Hürriyet Doğan Hanım şöyle diyor:
'Bir depremlik, bir virüslük, bir nükleer savaşlık hayatlarımız var.
Nasıl da duyarsızca yaşıyor ve nasıl da hiç ölmeyecekmiş gibi hesaplar içine giriyoruz…
Ne çok gönül yıkıyor, ne çok kul hakkına giriyor, ne çok zulmediyor ve ne çok kibirden kuleler inşa ediyoruz…’
İlk okuyuşta ‘ne kadar haklı?’ diyenlerimizin sayısı herhalde yüzde 100’e yakındır..
Ama;
Akıl var, fikir var!
Deprem için de tedbir var!
Ama bunu uygulayan kaç insanımız var?
Suçlu ararsanız çok, tedbir ararsanız yok!
Şimdi en ufak bir yer sarsıntısında yapılan sözde açıklamaları hepimiz biliyoruz…
İzmir’de 30 Ekim depreminden sonraki çalışma ve gelişmeleri de….
Biliyorsunuz, Reis geldi tapuları dağıttı…
CHP’li milletvekilleri ise geçen hafta depremzedeleri topladı, ‘Tapular var ama evler nerede?’ diye sordu…

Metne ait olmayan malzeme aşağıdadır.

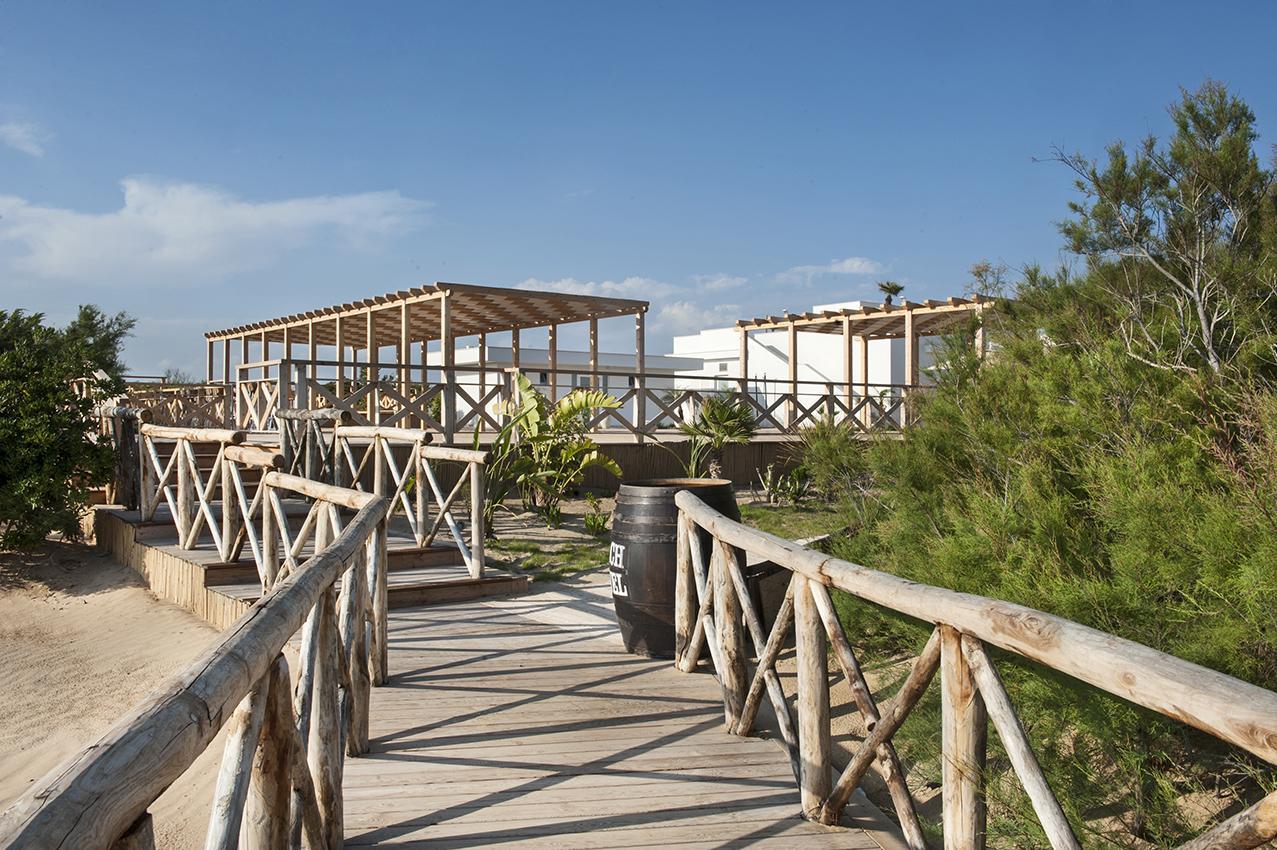 Modica Beach Resort Marina di Modica Bagian luar foto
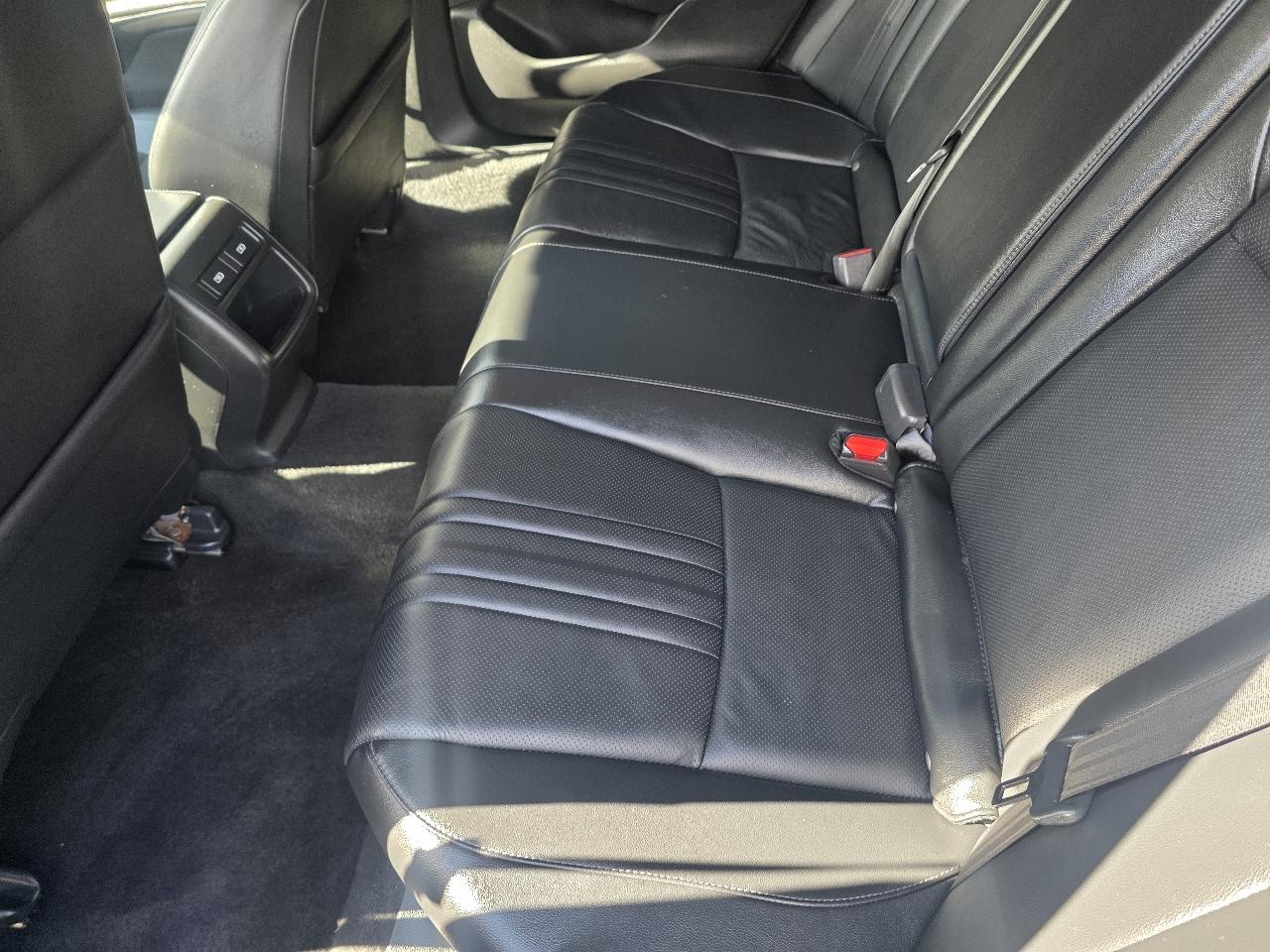 Honda Accord Sedan Sport SE 1.5T CVT 2021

Bir gün sonra ise AKP İzmir İl Başkanı, CHP’lileri suçladı, ‘Sokak siyaseti!’ yapıldığını anlattı…
Belki siyasiler farkında değil ama böyle ataşma ve sataşmalardan vatandaş rahatsız…
*- ÇARESİNİ BULURUZ
Hürriyet Doğan yorumunda ‘Bir virüslük!’ diyor…
Belirttiğim gibi ilk bakışta haklı…
Ama;
İşte her olayda olduğu gibi bu görüşü ‘ama’ diye ara vererek şöyle yanıtlayabiliriz:
Bugüne kadar ne virüsler, yaşlıların deyişiyle ne mikroplar gördük, geçirdik…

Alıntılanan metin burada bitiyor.